Monday, June 18, 2001: The traders' commitments indicator for gold has improved substantially from VERY STRONGLY BEARISH to SIGNIFICANTLY BEARISH, as commercials have cut their net short position by roughly half, with their recent covering occurring even in the face of a modest rally in the gold price, which is especially notable.

Monday, June 18, 2001: The insider stock transaction activity has plunged from MODESTLY BULLISH to SIGNIFICANTLY BEARISH, as insider selling has picked up, especially with blue-chip gold mining shares such as Homestake and Newmont, which often serve as bellwethers for the direction of gold and gold share prices. Some of these companies have not seen insider selling for many months, so this information cannot be lightly disregarded.

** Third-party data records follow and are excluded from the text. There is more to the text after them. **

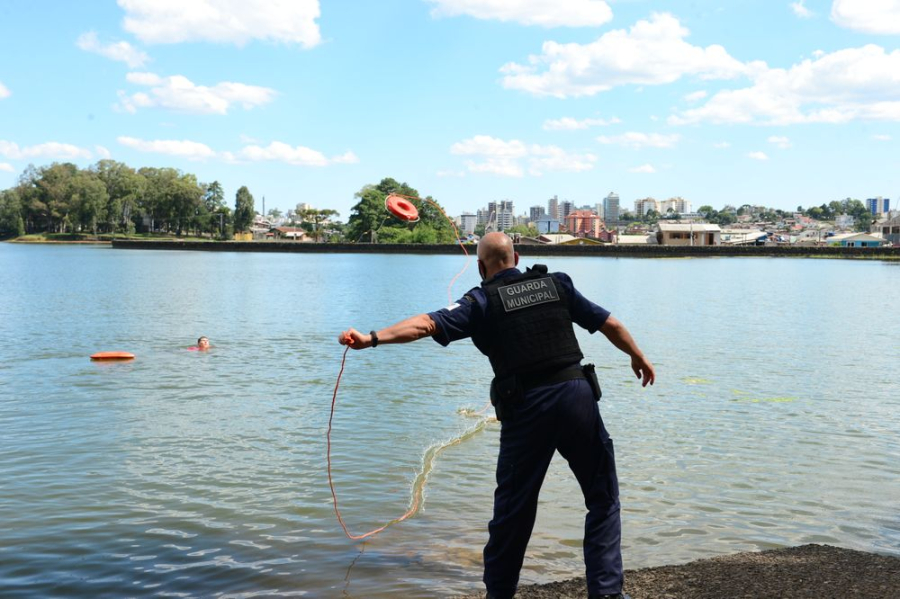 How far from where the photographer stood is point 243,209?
603 feet

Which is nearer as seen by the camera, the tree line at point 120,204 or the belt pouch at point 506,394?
the belt pouch at point 506,394

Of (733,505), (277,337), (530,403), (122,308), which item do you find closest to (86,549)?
(530,403)

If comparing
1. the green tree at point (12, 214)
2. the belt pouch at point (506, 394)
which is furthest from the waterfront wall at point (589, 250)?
the belt pouch at point (506, 394)

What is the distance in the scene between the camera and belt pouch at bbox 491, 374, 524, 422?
4.91 m

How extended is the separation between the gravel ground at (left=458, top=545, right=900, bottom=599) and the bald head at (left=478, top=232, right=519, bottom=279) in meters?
2.29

Friday, May 25, 2001: The overall current outlook for gold mining shares has dropped once again from SIGNIFICANTLY BEARISH to STRONGLY BEARISH, as commercials went very lopsidedly net short into the recent gold rally. These same commercials were heavy buyers below $260, when it was certainly an excellent time to buy, and they have an impeccable track record, so only a fool would bet against them.

Friday, May 25, 2001: The traders' commitments indicator for gold has slumped from SIGNIFICANTLY BEARISH to VERY STRONGLY BEARISH, as commercials established a net short position of 65,250 COMEX gold contracts.

Thursday, May 24, 2001: The overall current outlook for gold mining shares has dropped sharply from SIGNIFICANTLY BULLISH to SIGNIFICANTLY BEARISH, as commercials were eager to go substantially net short even with gold below $270, and given their historical predilection to selling more as the price rises, are likely to be enormously net short at the present time. It makes no sense to be long when commercials are heavily net short.

Thursday, May 24, 2001: The traders' commitments indicator for gold has dropped from SIGNIFICANTLY BULLISH to SIGNIFICANTLY BEARISH, as commercials went almost 14 thousand contracts net short when spot gold was at $268.